I'm still wondering what it is that HTC is supposed to be "winning"...
Well, seems every time a new flight game hits the market it is an "Aces High killer". I remember when Targetware hit and we were "doomed", and then IL2 hit (along with several incarnations) and with each version, we were going to be "out of business".
There seems to be a never ending supply of people who want to proclaim Aces High is going to be killed by the next game. They all come in here and talk about how we have screwed up so bad and how the next best thing is going to kill us. They are happy to recite how we must change our business and are very willing to tell us what we need to do to stay in the game. It is simply amazing how many people think they are experts in this field.

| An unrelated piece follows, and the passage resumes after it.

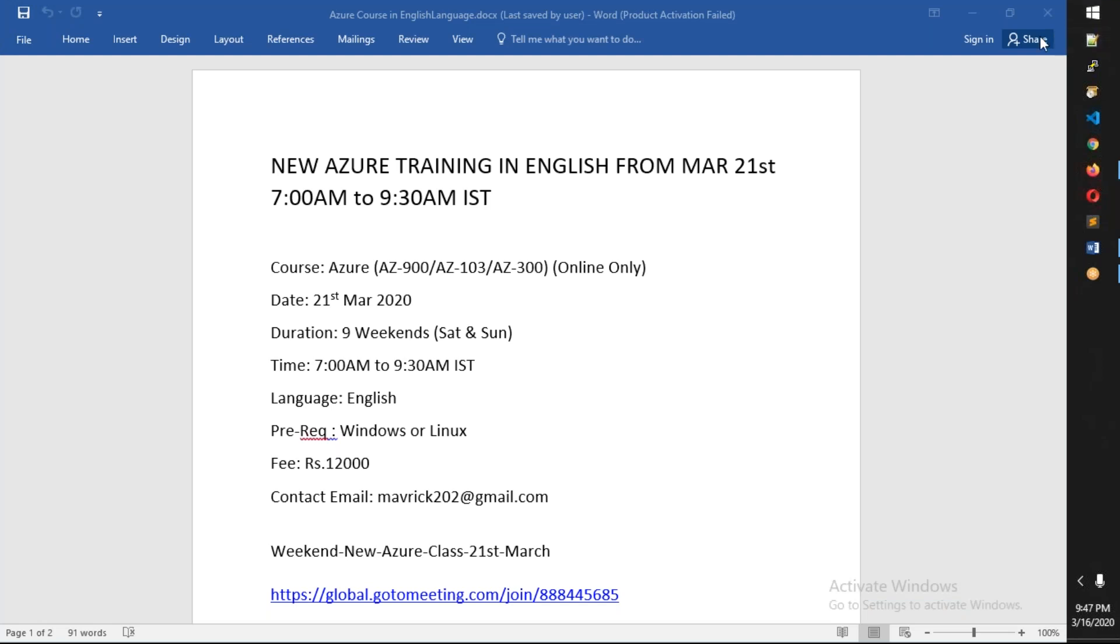Hello friends, good evening. This is an announcement for the new Azure training batch which is going to start on March 21st. It is a weekend batch.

It is easy to sit back and act like you have all the answers, but when it becomes a matter of keeping a roof over your head and feeding your family, it takes on a different perspective.
Over the last 12 years, we have shown the industry we never rest on our laurels. We challenge ourselves more than any other competitor could. There is a passion at work here that is still alive and well. One only has to look at how many times this game has been updated over the last 12 years to know that is true.

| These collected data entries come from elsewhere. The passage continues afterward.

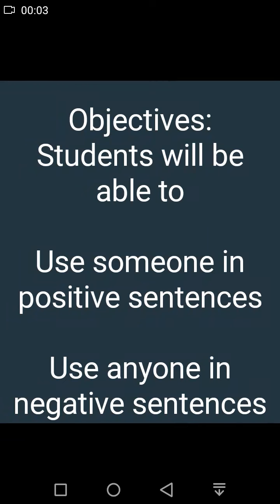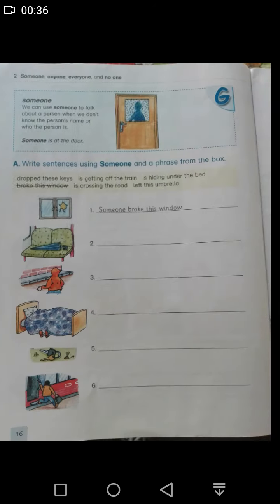Assalamu alaikum students, hope you all are fine and doing well with your online classes. Today again we are going to start our class with a grammar club lesson. We have done unit number one; today we are starting unit number two. Before starting the lesson, let us discuss its objectives: students will be able to use 'someone' in positive sentences and use 'anyone' in negative sentences. The topic we are going to discuss today is 'someone' and 'anyone'.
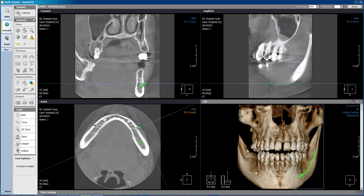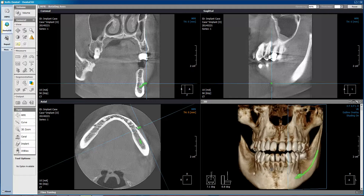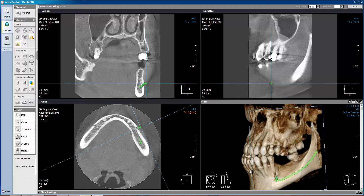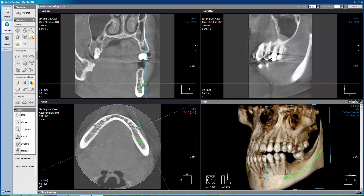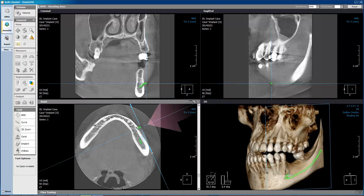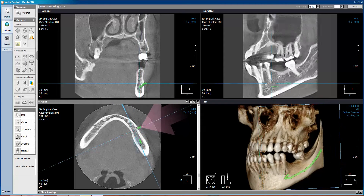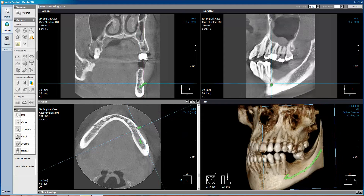We can then see the mandibular nerve canal marked in the 3D rendering as well as in any of the NPR views.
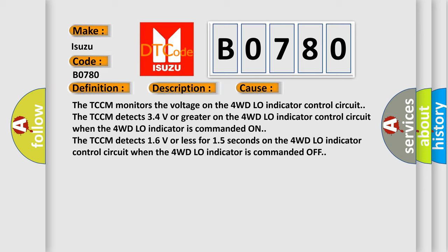The TCCM monitors the voltage on the 4WD low indicator control circuit. The TCCM detects 34 volts or greater on the 4WD low indicator control circuit. When the 4WD low indicator is commanded on, the TCCM detects 16 volts or less for 15 seconds on the 4WD low indicator control circuit. When the 4WD low indicator is commanded off.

One of the most frustrating things to deal with are end users who measure the complexity and sophistication of a game by its graphics. Anyone in the business knows great graphics is about artwork and a lot of it. The underlying display code is trivial as compared to the amount of artwork needed.
A major cost, in our business, is the download size. We have to be conscious of it. End users are so used to just downloading whatever they want without worrying about that cost. Who do you think pays for that? We do. There are other issues that go along with the size of the download, but those are irrelevant for the purposes here. Resource management is what it ends up being about. We could build a single airplane model that would swamp a 512MB video card. How far would that take us? You cannot make a slider which reduces the artwork for a model. You would have to make different models to solve that one.
How many of those great looking cars are you going to see on a race track? What is the actual view distance? Again, resource management. The fewer models you have in view and the less the distance, the more detail you can afford to add to them.
Personally, I have yet to find a game, with so many models, do what Aces High does, while keeping the entire game under 300MB. I am not saying there are not any, but I have not found one.